Why the Focus on Database Sharding?
You will notice as you read this book that much of the focus is on database sharding, a technique and architecture for horizontal shared-nothing partitioning of database data across independent nodes or servers. From extensive experience and research, we have found that, regardless of what DBMS you use, database sharding is the only effective means for scaling a database. This applies to all types of databases, including the traditional relational database management system (RDBMS), NoSQL platforms, Big Data engines, Cloud databases, or databases of the so-called NewSQL paradigm. If you look closely at any of these offerings, particularly if they advertise a scalable platform, you will see that some sort of horizontal partitioning of data across nodes is used. Thus, database sharding is the answer, used in one way or another for virtually every leading database platform. Figure 1.2 shows the concept of database sharding, breaking a large monolithic database into multiple, smaller, sharded database instances across multiple servers.
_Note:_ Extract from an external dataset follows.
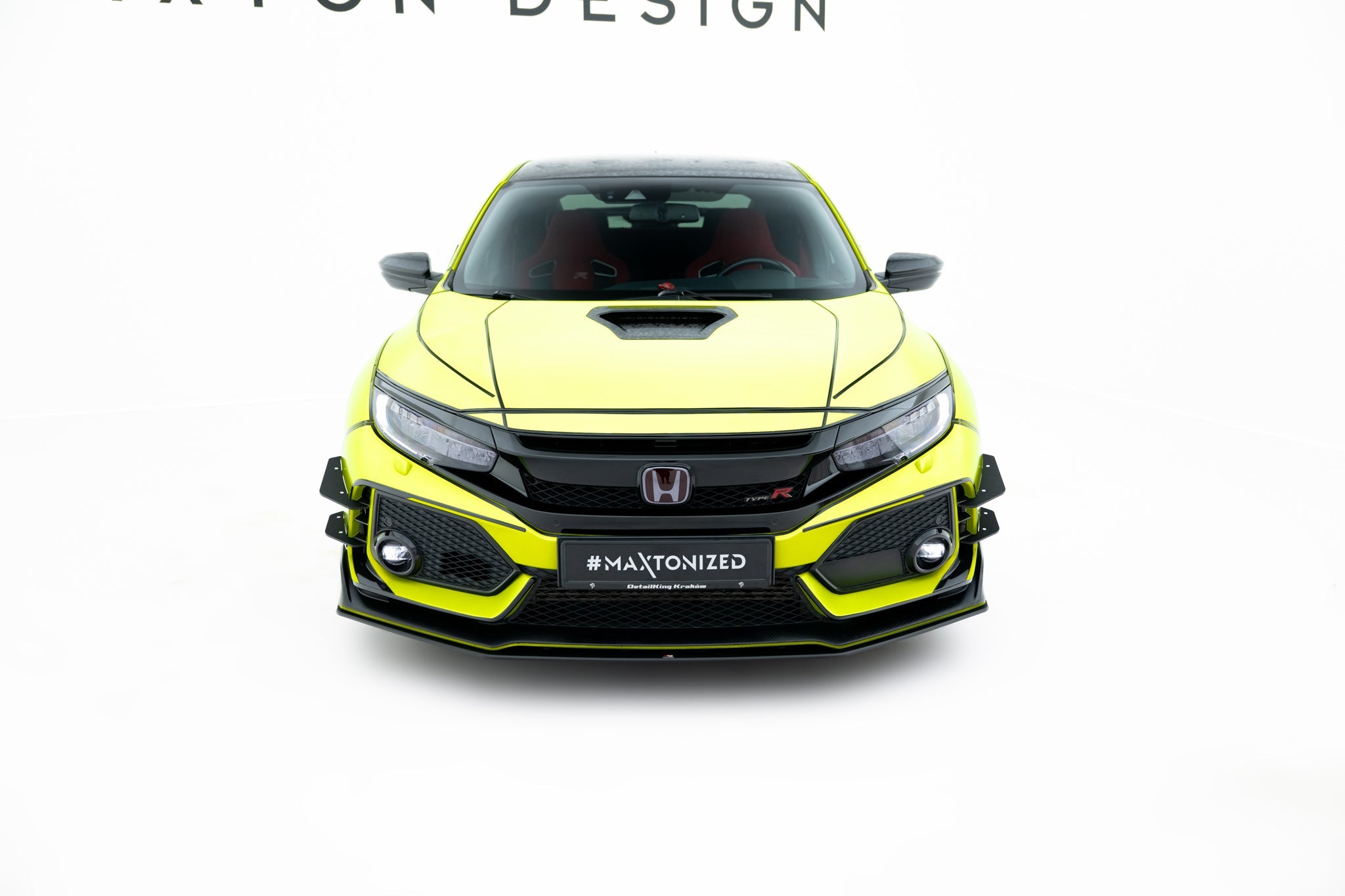 Maxton Design - Street Pro Frontlippe V2 für Honda Civic Type R Mk10 - Aerowerk.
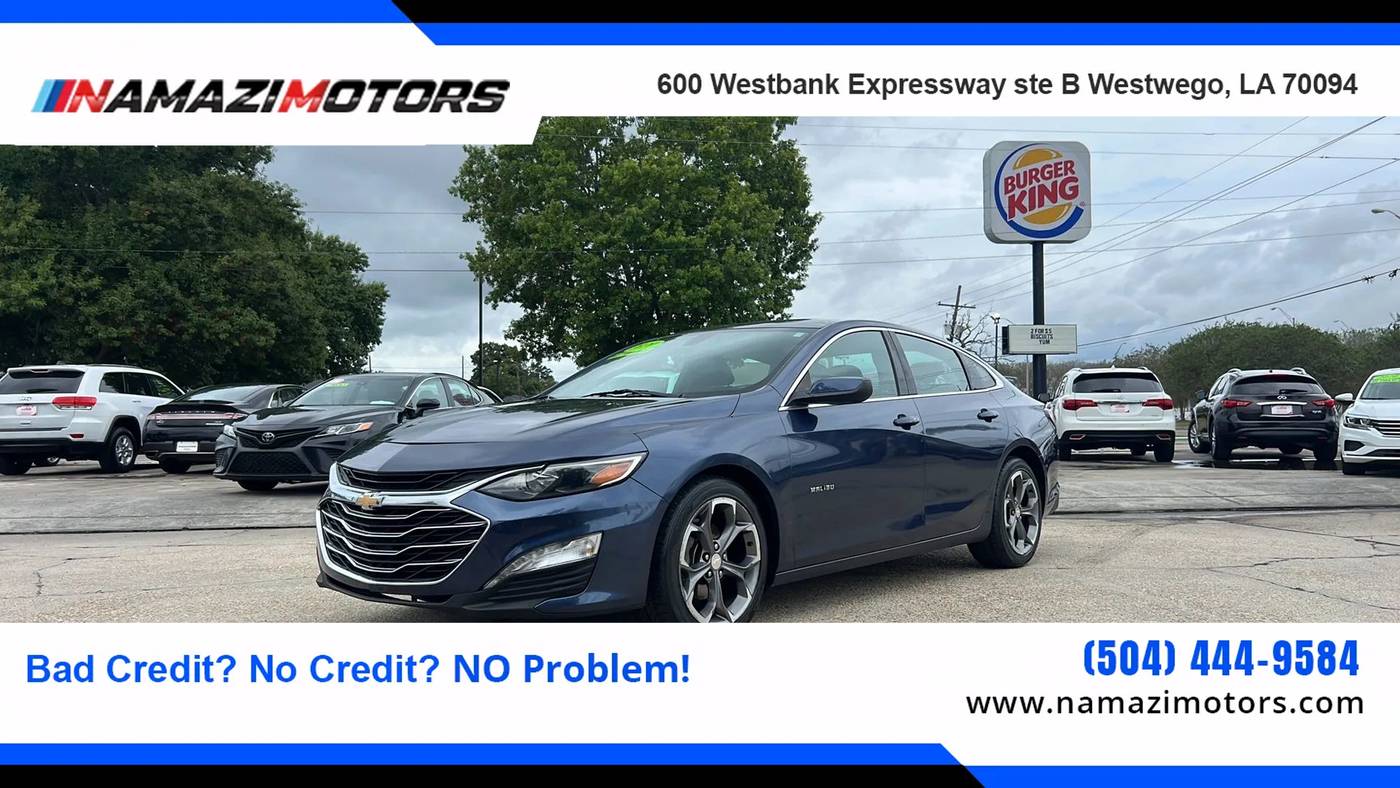 2020 Chevrolet Malibu LT — Sedan — 109,205 mi — Westwego, LA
Figure 1.2 Database sharding
Understanding the underlying principles of how database sharding works is the answer to controlling your own destiny regarding the ultimate performance of your Big Data implementation. The basic concepts behind sharding and how it works are not difficult, and once you grasp them you can implement amazing levels of scalability. Ultimately this book is about making you successful with your database tier, and the more you know about this concept, the more power you will have over defining, predicting, optimizing, and controlling the performance of your own databases.